Phase regulation enabling dense polymer-based composite electrolytes for solid-state lithium metal batteries.

Solid polymer electrolytes with large-scale processability and interfacial compatibility are promising candidates for solid-state lithium metal batteries. Among various systems, poly(vinylidene fluoride)-based polymer electrolytes with residual solvent are appealing for room-temperature battery operations. However, their porous structure and limited ionic conductivity hinder practical application. Herein, we propose a phase regulation strategy to disrupt the symmetry of poly(vinylidene fluoride) chains and obtain the dense composite electrolyte through the incorporation of MoSe 2 sheets. The electrolyte with high dielectric constant can optimize the solvation structures to achieve high ionic conductivity and low activation energy.
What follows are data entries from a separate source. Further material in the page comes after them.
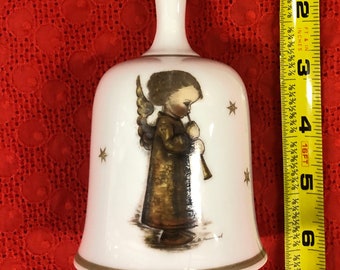 Vintage Porcelain Christmas 1972 Bell by Hummel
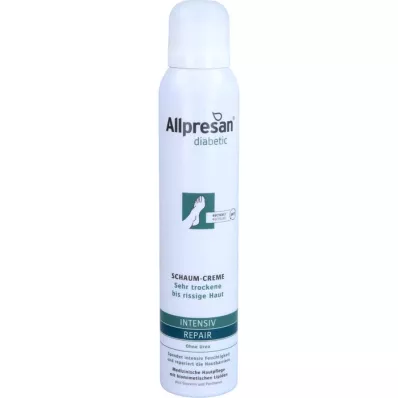 ALLPRESAN diabeettinen Inten.+Repair o.Urea Foam-Cr., 200 ml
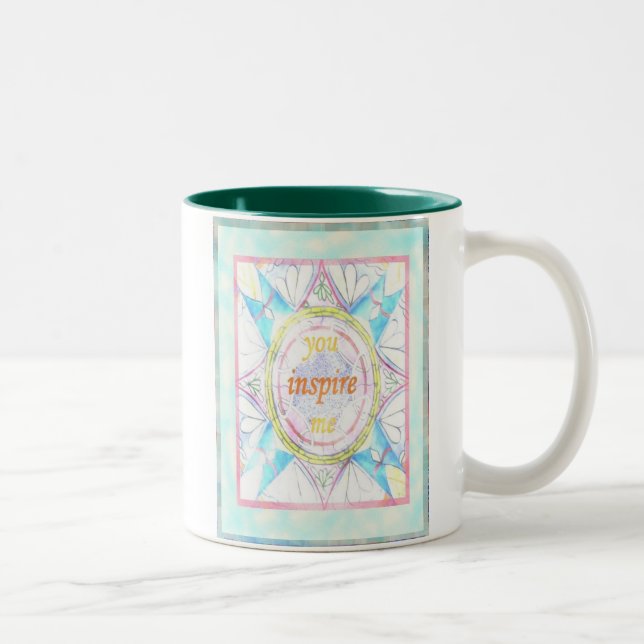 Taza Bicolor Usted me inspira (Derecha)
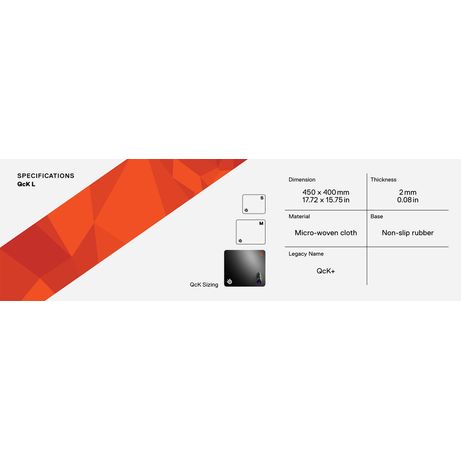 ALFOMBRILLA GAMING STEELSERIES QCK LARGE - Imagen 2 de 7 ALFOMBRILLA GAMING STEELSERIES QCK LARGE - Imagen 2 de 7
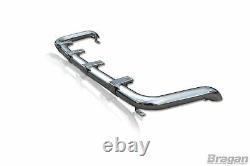 Roof Bar B + Jumbo Spots To Fit Renault Trafic Low 2002-2014 Van Flat Stainless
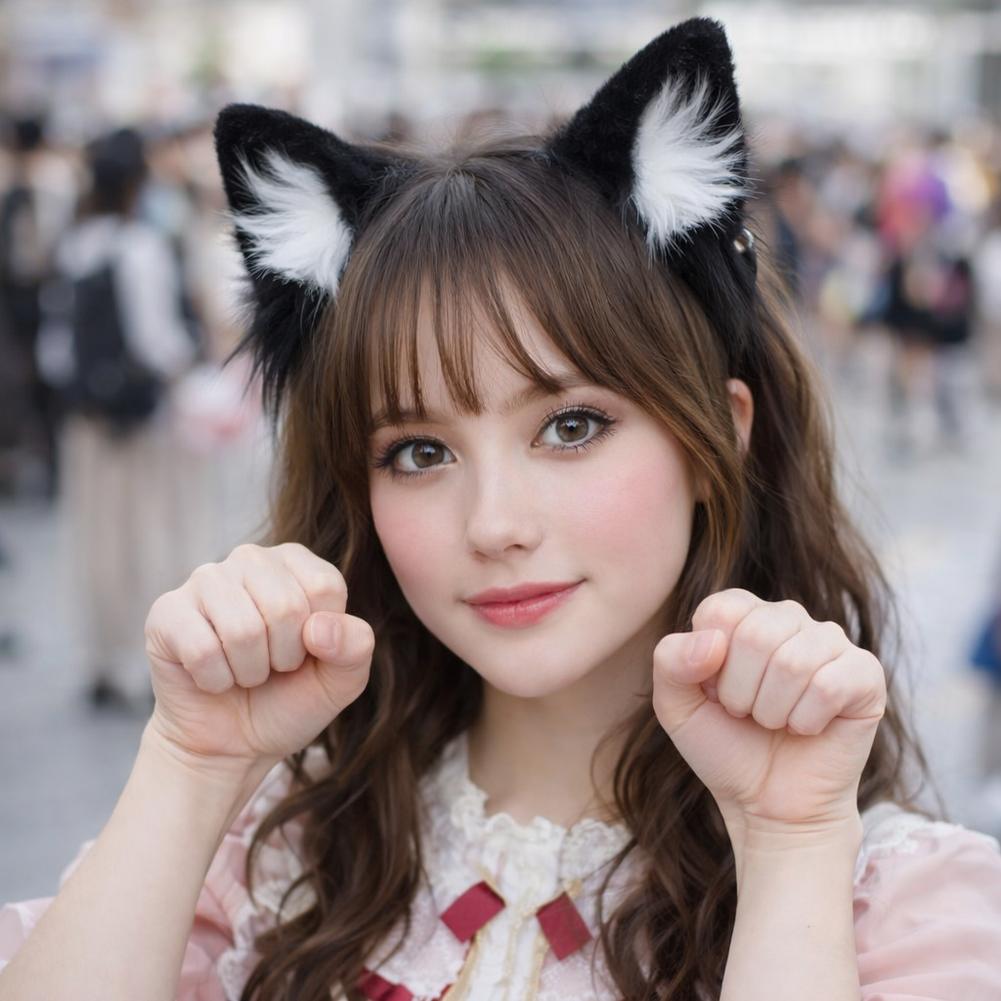 عصابة رأس مخملية بأذن قطة للتن - مراجعة Women Accessories Photos وسعره
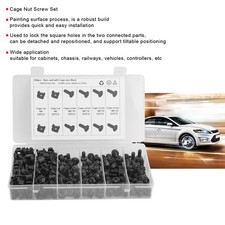 M6 Cage Nut Screw Set Carbon Steel Mounting For Racks Chassis Controllers Ca FIS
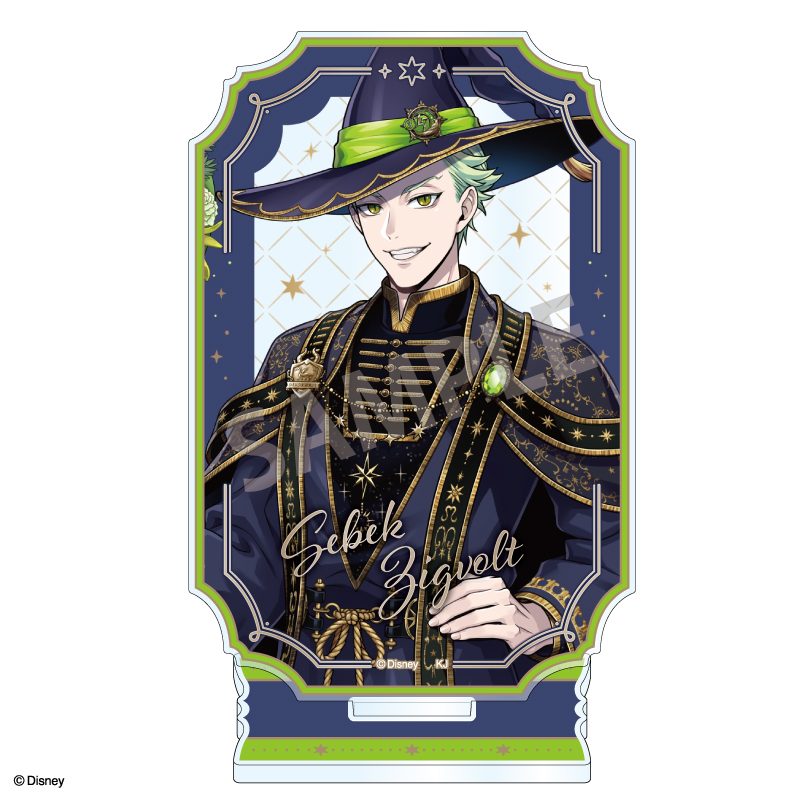 ディズニー ツイステッドワンダーランド レイヤードアクリルスタンド セベク・ジグボルト ブルームバースデーVer. ("Disney Twisted Wonderland" Layered Acrylic Stand Sebek Zigvolt Bloom Birthday Ver.)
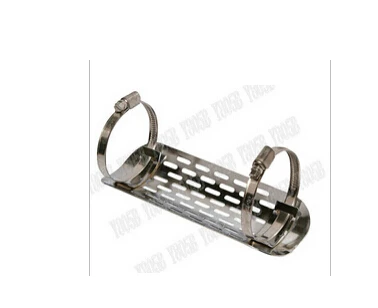 Универсальный хромированный металлический выхлопной тепловой щит для Kawasaki Vulcan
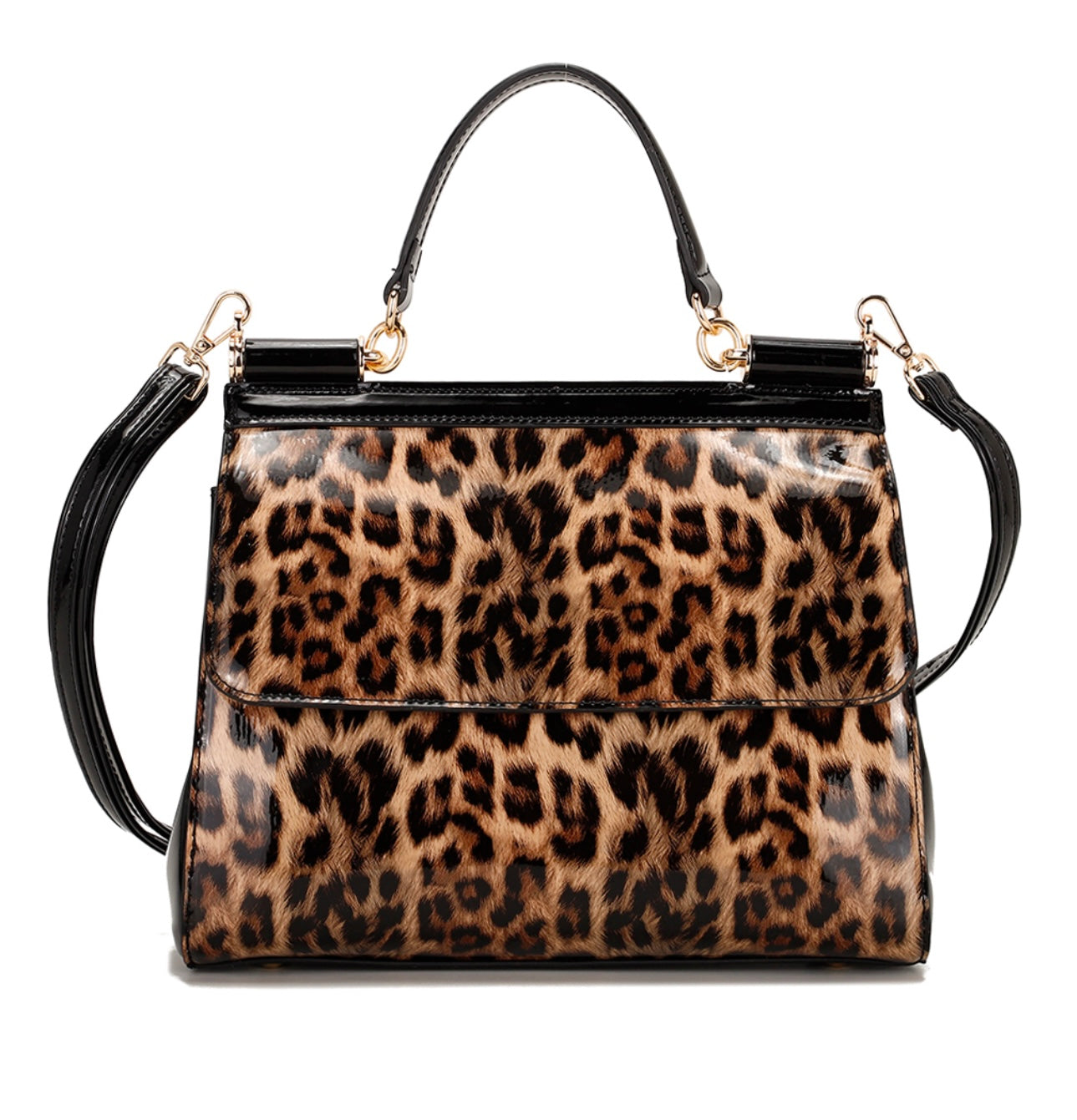 Leopard Patent Leather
The in-situ reactions between MoSe 2 and Li metal generate Li 2 Se fast conductor in solid electrolyte interphase, which improves the Coulombic efficiency and interfacial kinetics. The solid-state Li||Li cells achieve robust cycling at 1 mA cm -2 , and the Li||LiNi 0.8 Co 0.1 Mn 0.1 O 2 full cells show practical performance at high rate (3C), high loading (2.6 mAh cm -2 ) and in pouch cell.